First we can use a .dockerignore file that excludes files from being considered for addition. This works almost like a .gitignore file with Git VCS.

docker image build command sends the build context from the client machine to the Docker daemon
Due to the client/server architecture, sending the context is almost always an expensive remote operation (socket, http, …)
.dockerignore file can exclude files from the context and speed up context transfer

The build context is typically some local file system content to be added to a Docker image. The docker image build command compresses the build context and sends it to the daemon

Use the build cache

Next we are advised to utilize the build cache. But in order to do so, we have to understand how the build cache works.
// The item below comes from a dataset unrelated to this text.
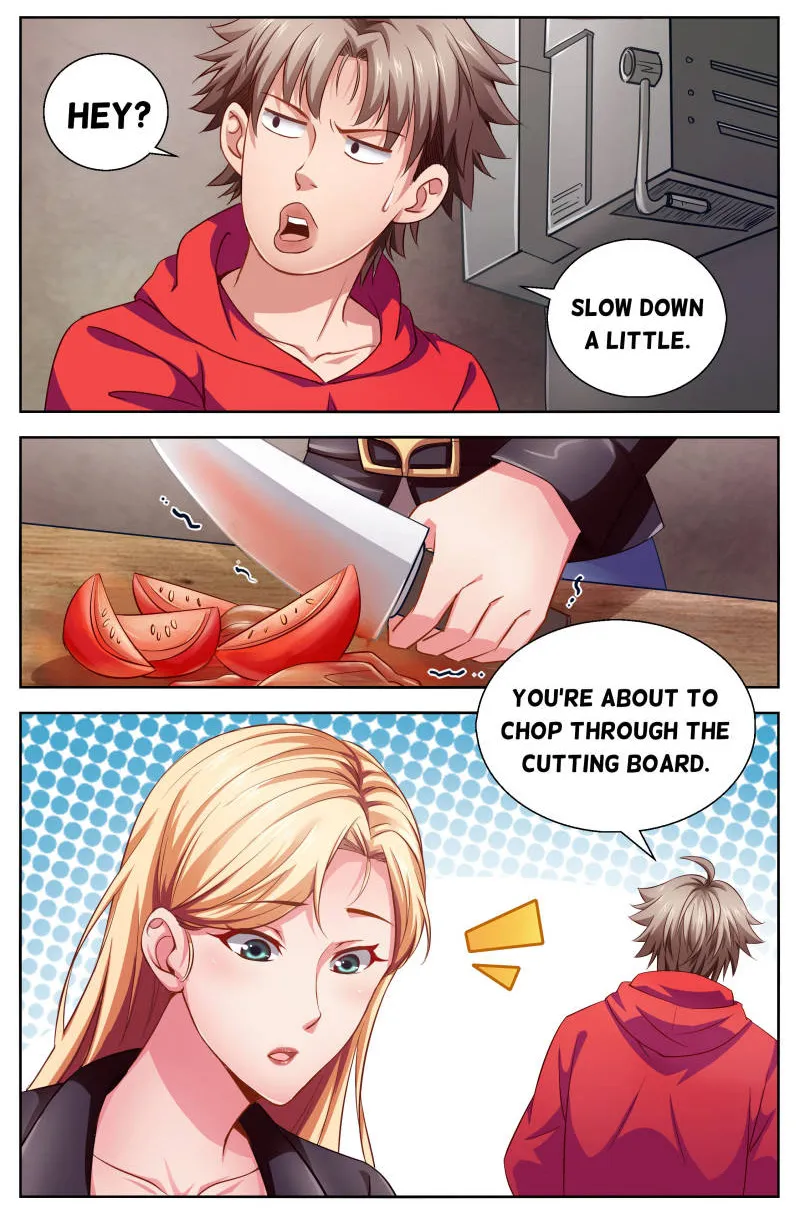 Read I Have A Mansion In The Post Apocalyptic World Manga Online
Cache behaviour of ADD and COPY instructions

A checksum of the content of each added file is calculated.
The last-modified and last-accessed times of the file(s) are not considered.
During the cache lookup, the checksum is compared against the checksum in the existing images/layers.
If anything has changed in the file(s), such as the contents and metadata, the cache is invalidated and the layer and all downstream layers rebuilt.

Cache behaviour of RUN

Cache checking does not look at the files (content) manipulated by a RUN instruction
The command string itself is used to find a cache match
Modifying a RUN instruction invalidates the layer built by the instruction

With understanding the cache, we can try to apply this knowledge in a first experiment.

Non-optimized

RUN apk update (1)
RUN apk add --no-cache git bash (2)

1	Updating the package manager sources is a required step for adding packages
2	If this line is changed, package installation may break if the package manager works with outdated package info.

Optimized

RUN apk update && \
    apk add --no-cache git bash (1)

1	Either both commands are cached or none by applying command chaining!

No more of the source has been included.